Grappa, lo spirit del momento anche nella mixability

Che la grappa non sia solo un digestivo ma un distillato eclettico utilizzabile anche nella miscelazione non è una novità. Oggi però, per la prima volta, la ricerca dei barman è trainata dalle aziende...

Condividi l'articolo

Che la grappa non sia solo un digestivo ma un distillato eclettico utilizzabile anche nella miscelazione non è una novità. Oggi però, per la prima volta, la ricerca dei barman è trainata dalle aziende che oltre a lanciare sul mercato etichette pensate per la mixability, investono nella promozione di iniziative (un esempio su tutti, gli aperitivi con food pairing e cocktail alla grappa firmati da Distillerie Mazzetti) e concorsi dedicati (come la Gra’it Challenge USA organizzata da Bonollo).

LE RAGIONI PER USARLA
Anche se non è un prodotto semplice, crediamo valga comunque la pena sperimentare la grappa nei cocktail. I motivi? Almeno tre. Intanto oggi questo spirit vive un momento d’oro grazie agli investimenti delle aziende. E poi creare drink con la grappa significa valorizzare i prodotti del territorio. “Questo distillato ottenuto dalla vinaccia vanta una paternità tutta italiana. Eppure, nonostante sia un simbolo delle nostra tradizione, per decenni è stata relegato a mero digestivo”, osserva Samuele Ambrosi patron del Cloakroom di Treviso. Che poi precisa: “Emblema del nostro heritage, la grappa oggi merita di essere sdoganata nei cocktail. Tanto più che ormai, grazie alle nuove tecniche di lavorazione e di distillazione che ne stemperano gli aromi, è un prodotto più semplice da utilizzare nella miscelazione”. Inoltre, è un ingrediente divertente. “Eterogenea e versatile, è sorprendente e polivalente nei drink perché si presta a svariati usi.
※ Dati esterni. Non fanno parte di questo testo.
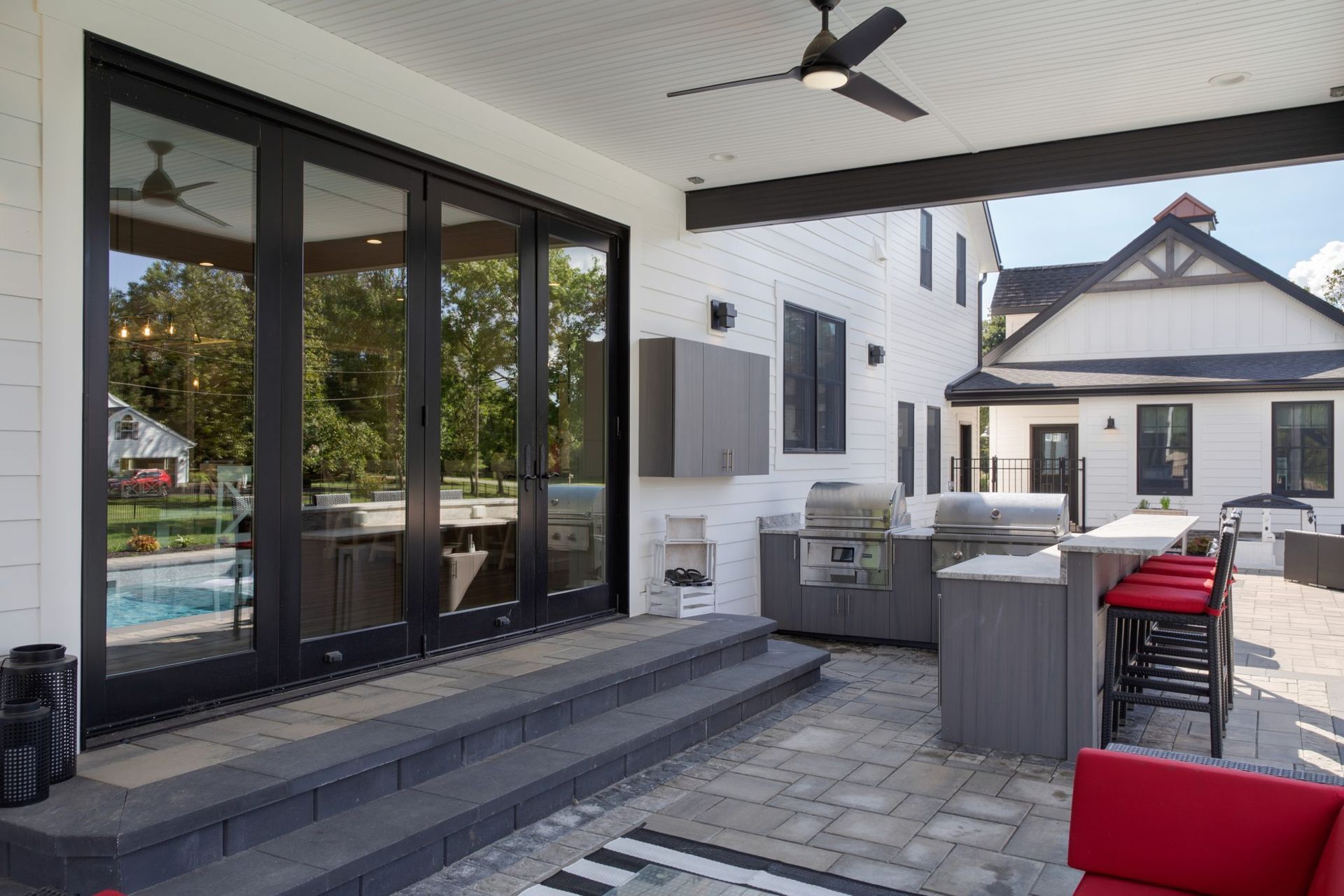 A large white house with a patio area and a ceiling fan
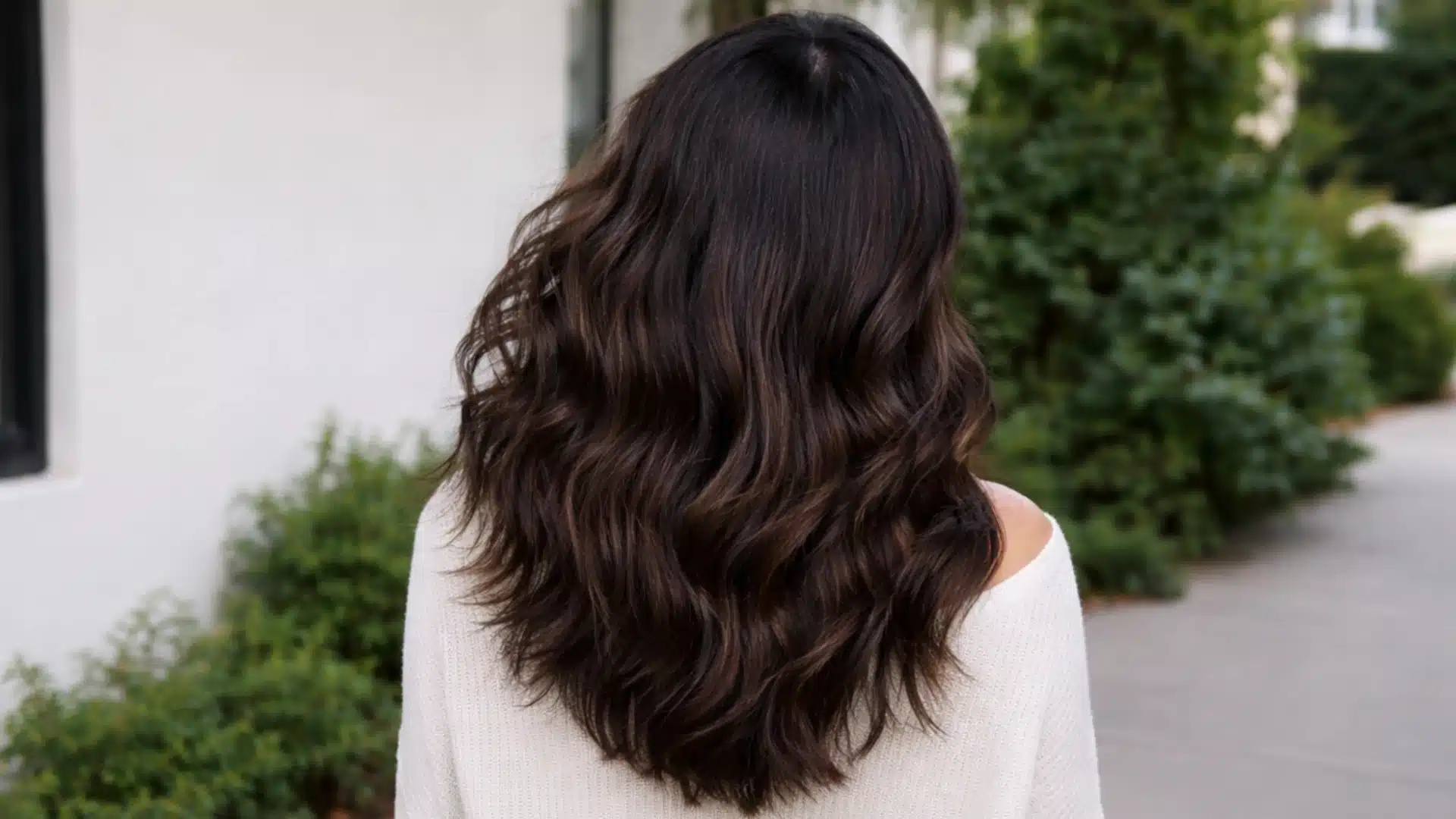 Back view of woman with long wavy dark brown hair standing outdoors, with more background visible in a soft natural setting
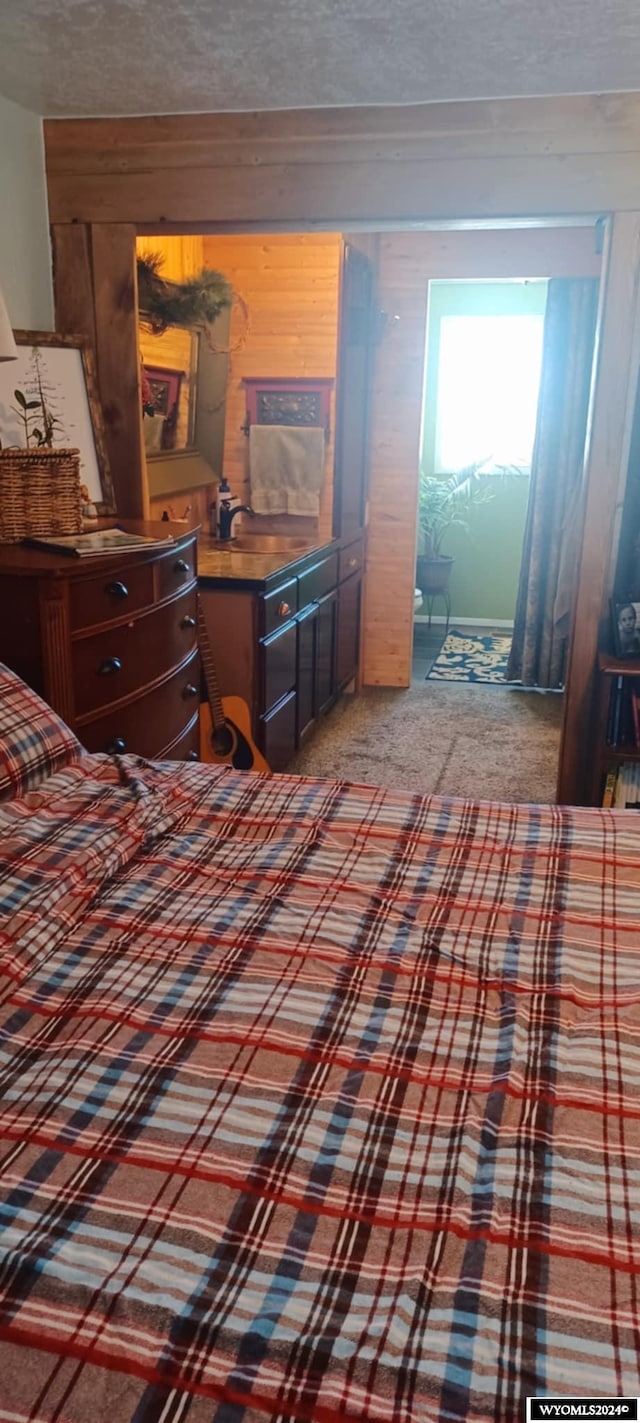 bedroom featuring carpet and a textured ceiling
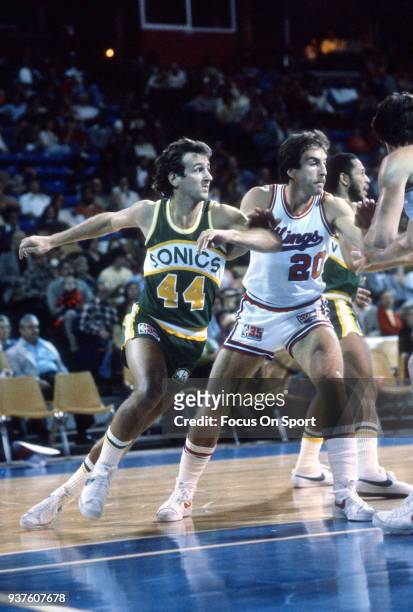 Paul Westphal of the Seattle Supersonics fights for position with Ernie Grunfeld of the Kansas City Kings during an NBA basketball game circa 1980 at...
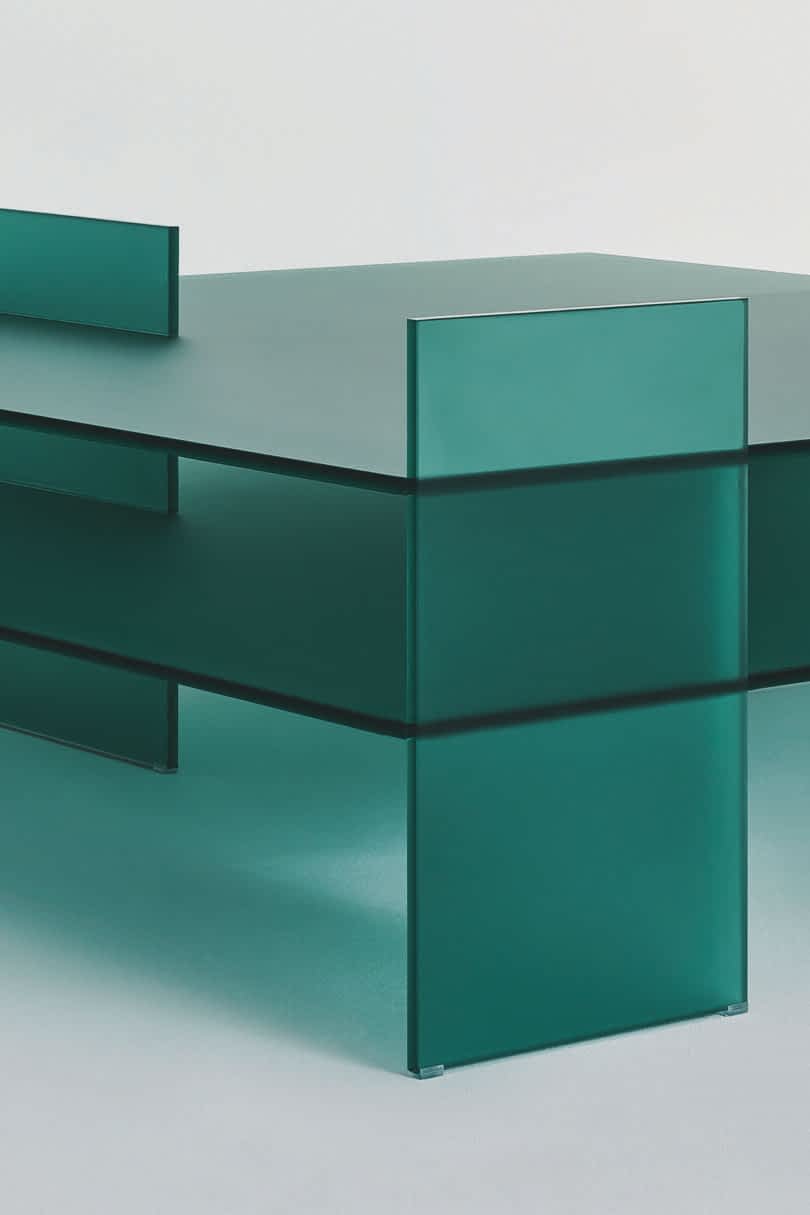Detail of a minimalist green glass table displayed against a plain background.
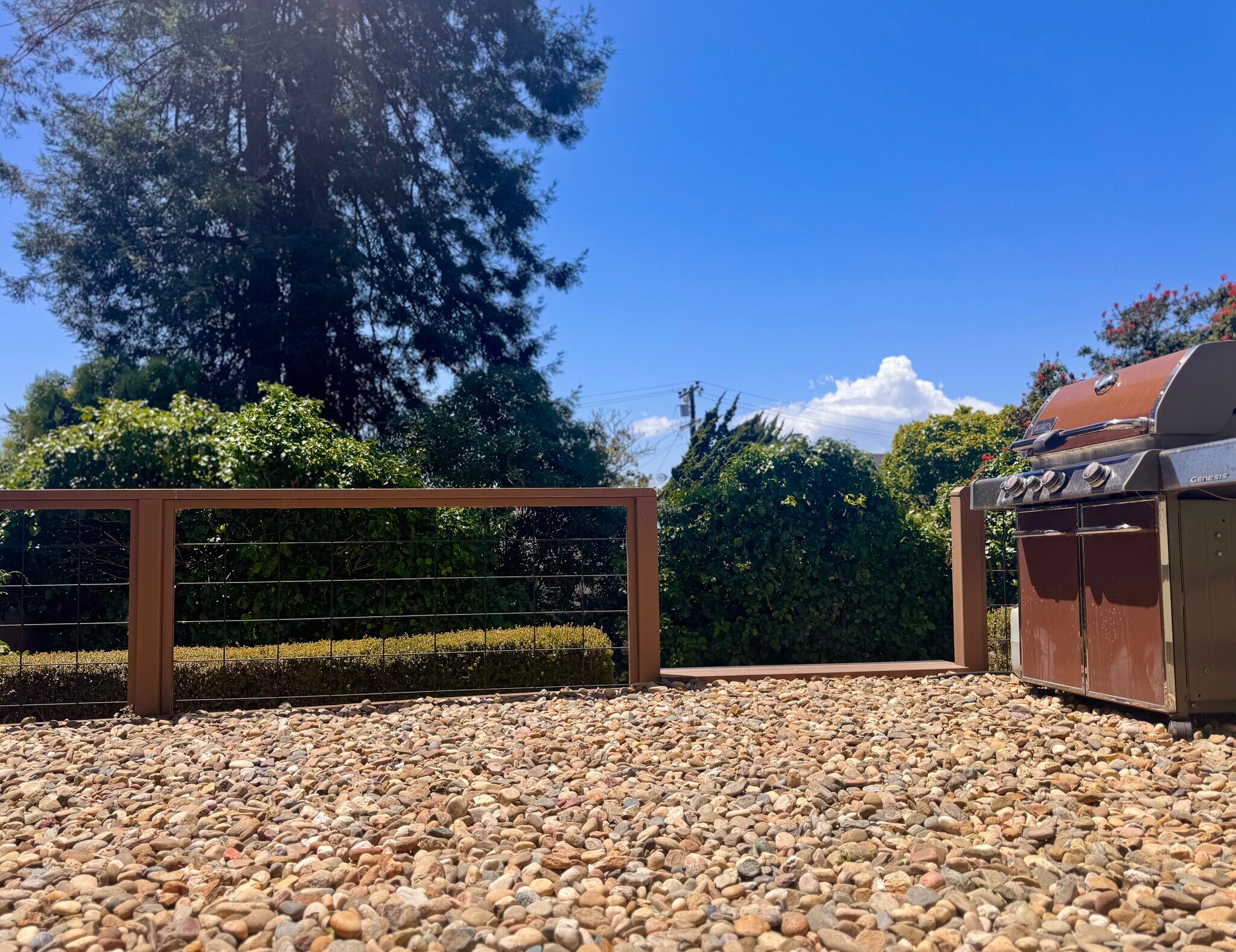 The second level offers an outdoor entertaining space with bay views and a Weber propane grill. - 2403 Mira Vista Dr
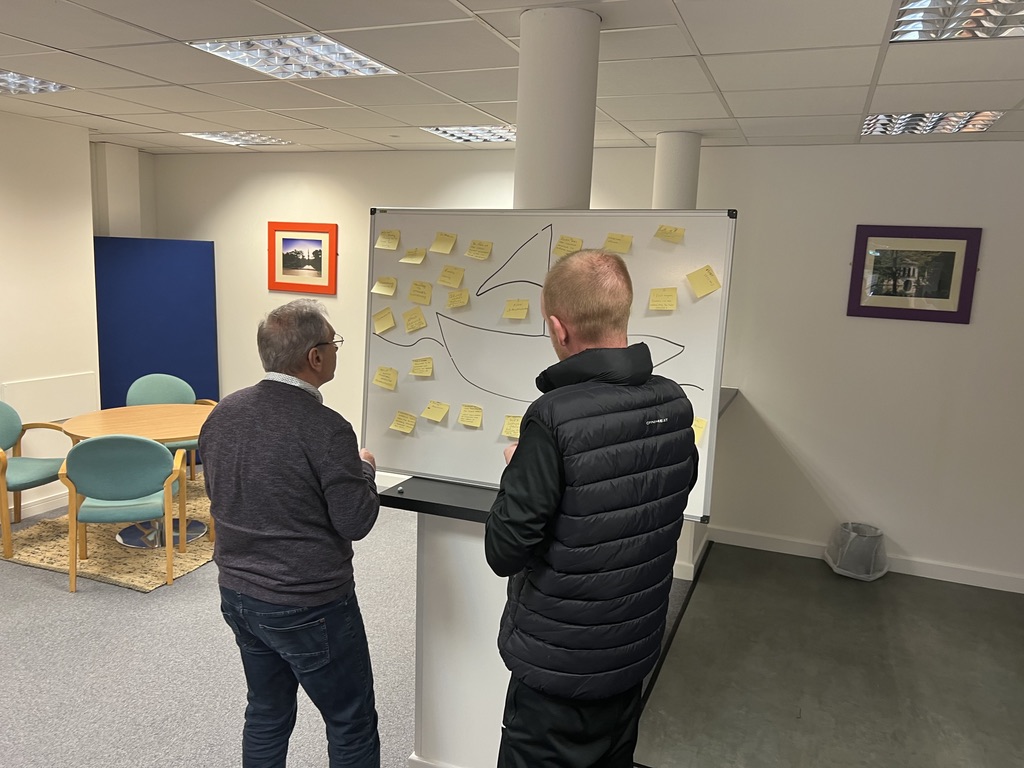 SU Forum - Gerry Pangallis and Service User looking at board Two people participating in a service user forum, standing in front of a whiteboard with a boat outline covered in yellow sticky notes. Each note appears to share thoughts, ideas, or feedback. The room has a calm, informal setting with round tables and framed artwork on the walls.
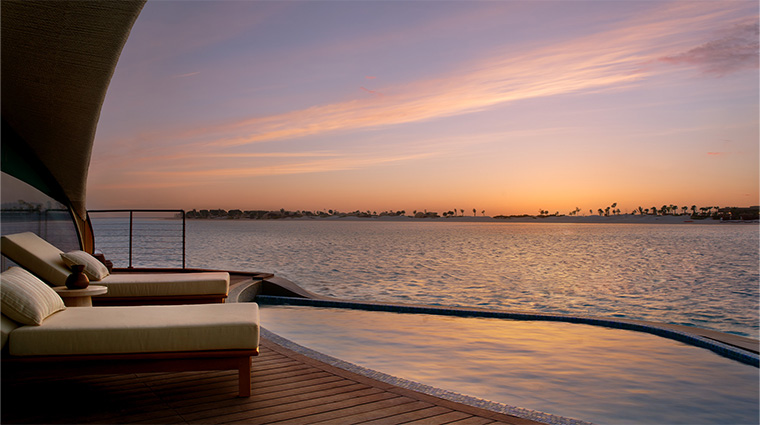 nujuma a ritz carlton reserve overwater villa pool sunset deck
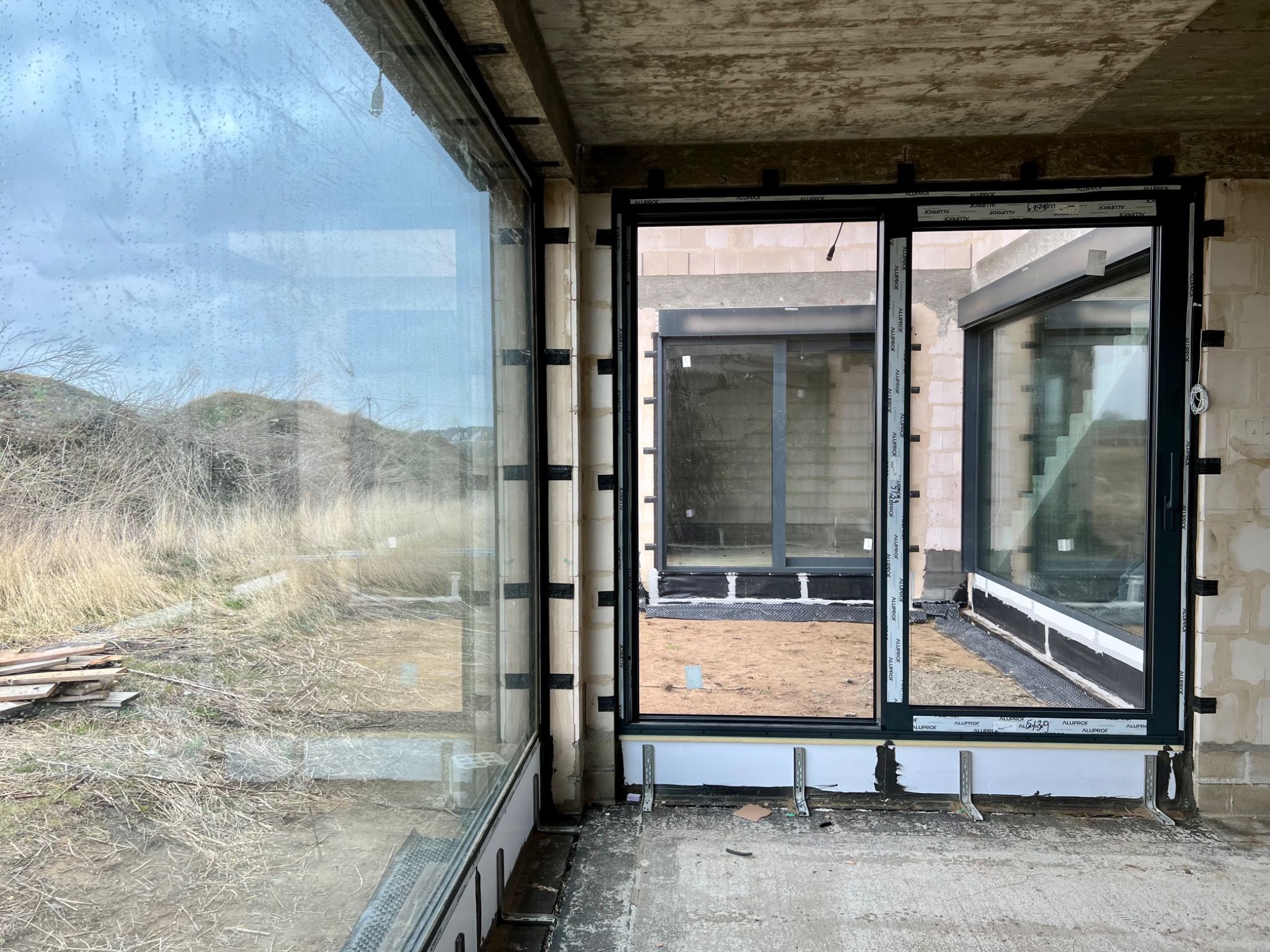 Surowy stan budynku z dużymi, panoramicznymi oknami z czarnymi ramami, widok na zewnątrz z polną roślinnością, widoczne elementy montażowe i surowy beton.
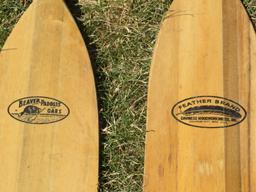 Two wooden boat paddles, 4' and 5', Beaver and Feather brands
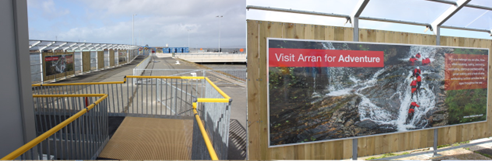 Exit ramp from terminal building and Visit Arran picture board.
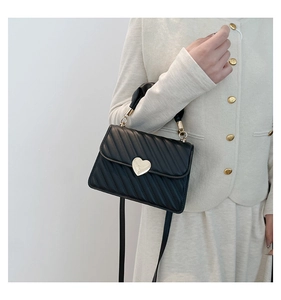 Detail of black quilted shoulder bag featuring gold heart lock and pleated silk scarf handle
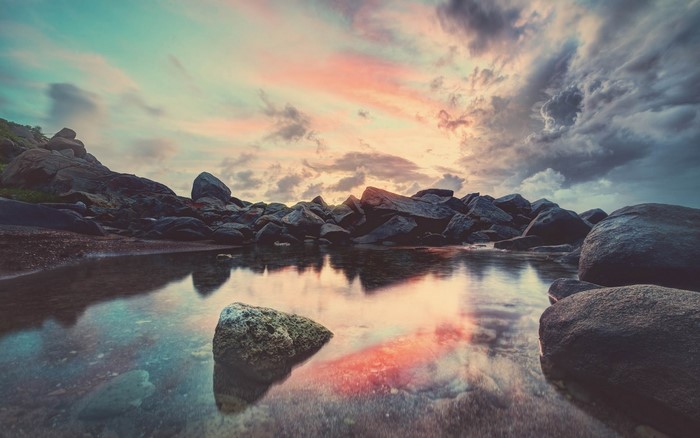 Rocky coast with calm water reflecting sunset sky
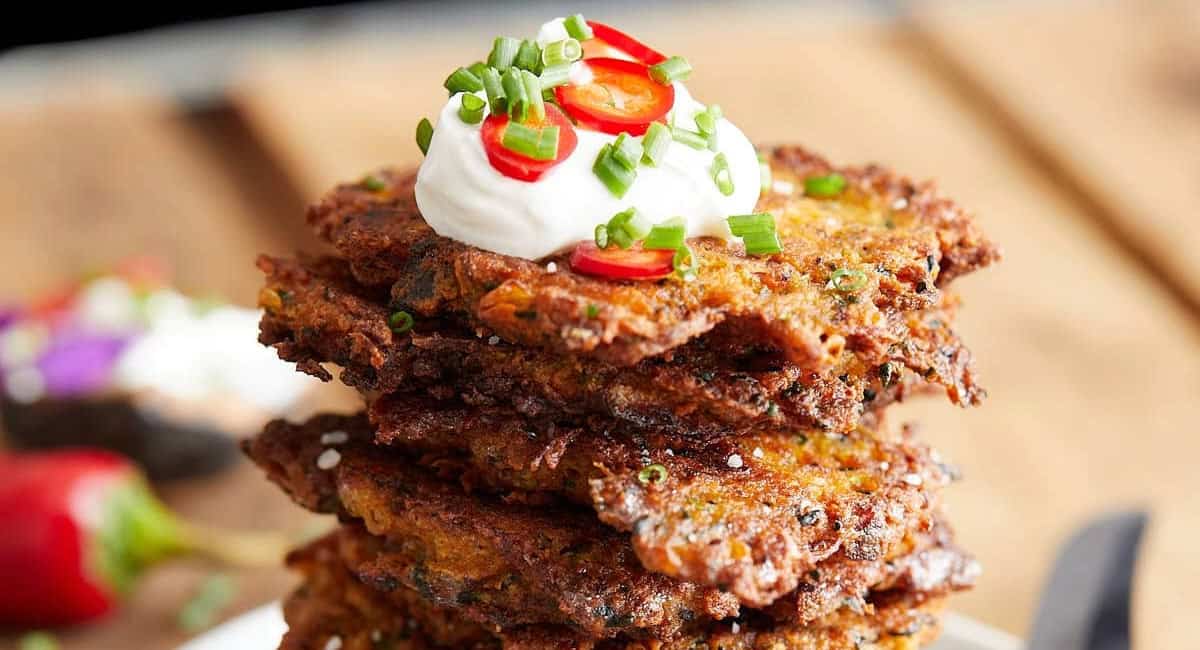 Up close image of bacon zucchini fritters with garnish.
Uno su tutti? È indicata per i twist di un classico Stinger (ovvero, 5 cl di cognac e 2 cl di crema di menta) rivisitato con una grappa invecchiata in barrique abbinata a un liquore all’anice oppure a un rosolio” dice Claudio Carminati, barman del Winter Garden Hotel di Grassobbio (Bergamo), che alla Mixer Cocktail Challenge si è aggiudicato non solo la vittoria, ma pure il premio della critica attribuito dalla nostra rivista. Non meno rilevante è il fatto che “oggi è più facile fare apprezzare un cocktail con la grappa rispetto a una decina di anni fa. Merito della diffusione nella miscelazione di prodotti complessi come tequila, mezcal e pisco che hanno abituato i palati a sapori decisi”, puntualizza Ambrosi. Infine, i cocktail con la grappa rispondono al desiderio di novità della clientela.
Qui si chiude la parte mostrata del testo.